Only one part of the listing is needed: the lines from the one with "Typhoon R9831 EL-U" through the last line, copied exactly and free of pictures.
** Opening Dataset excerpt block **
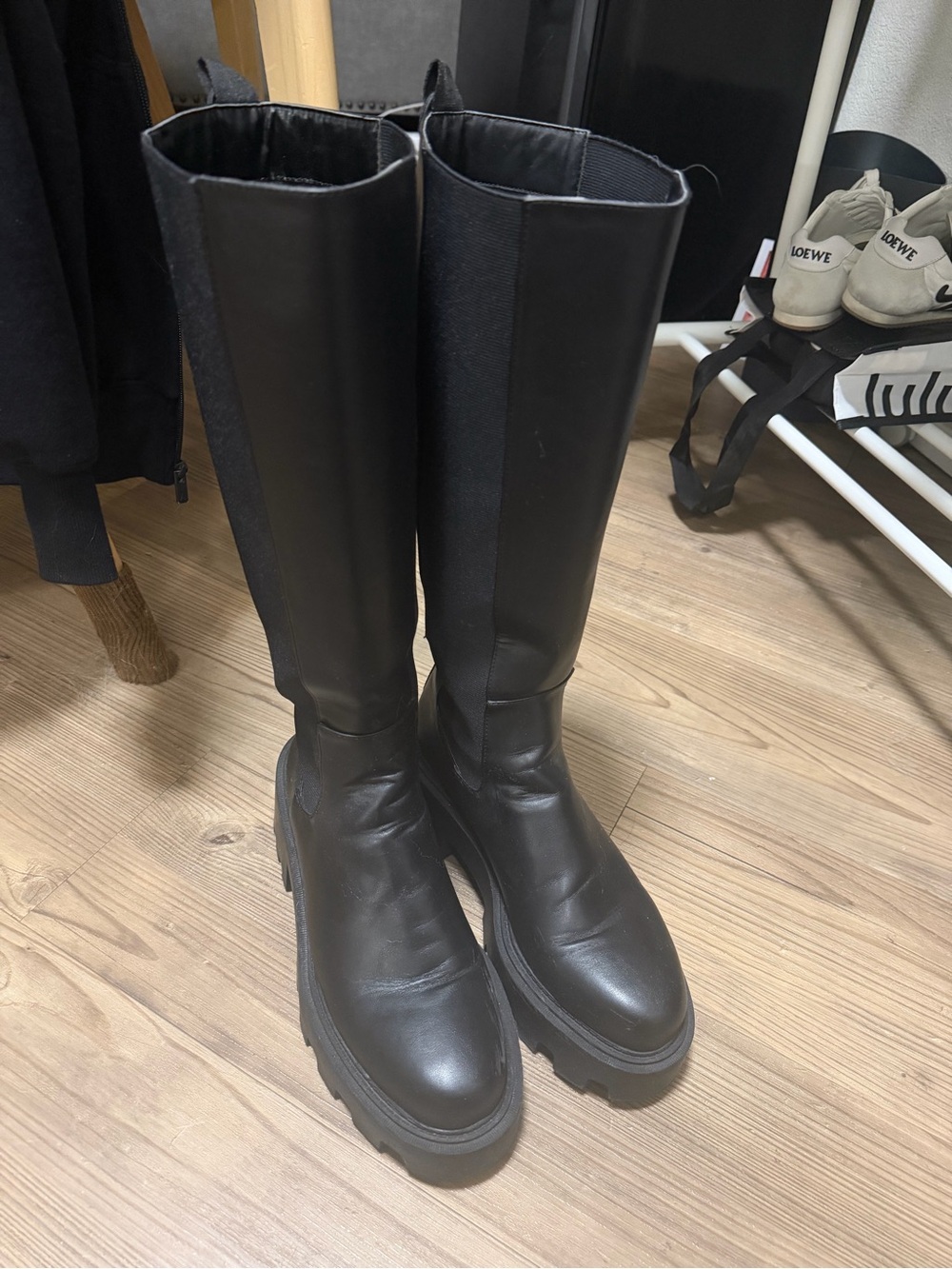 Zara Black Tall Chunky-Sole Knee Boots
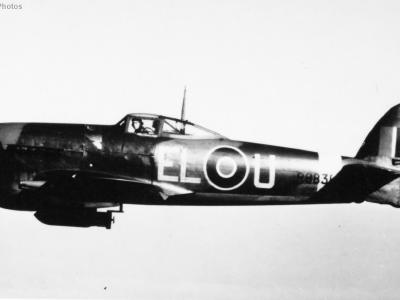 Typhoon R9831 EL-U of No. 181 Squadron RAF in flight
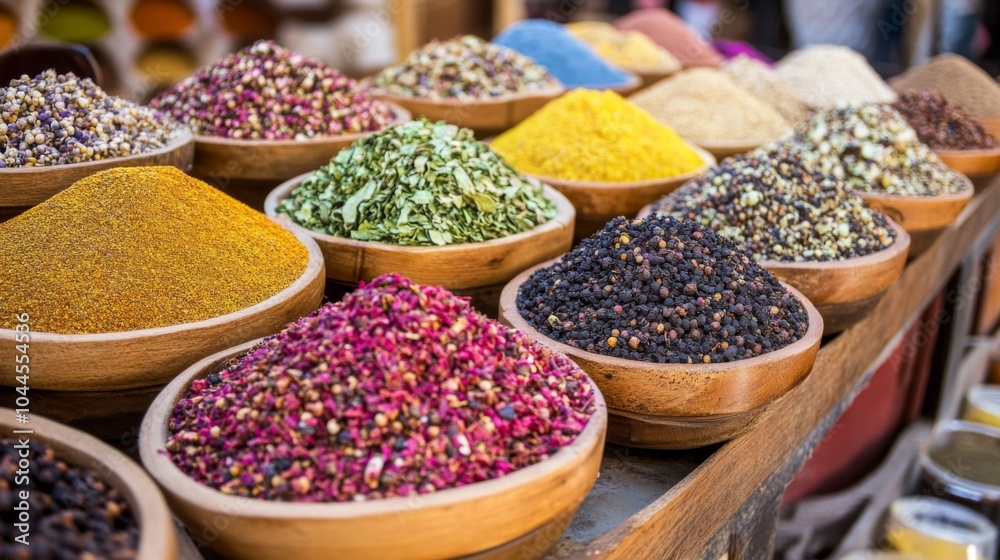 Vibrant Middle Eastern Spices in Rustic Arrangement Vibrant Middle Eastern Spices in Rustic Arrangement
** Closing Dataset excerpt block **
*Exercise response:*
 Typhoon R9831 EL-U of No. 181 Squadron RAF in flight
 Vibrant Middle Eastern Spices in Rustic Arrangement Vibrant Middle Eastern Spices in Rustic Arrangement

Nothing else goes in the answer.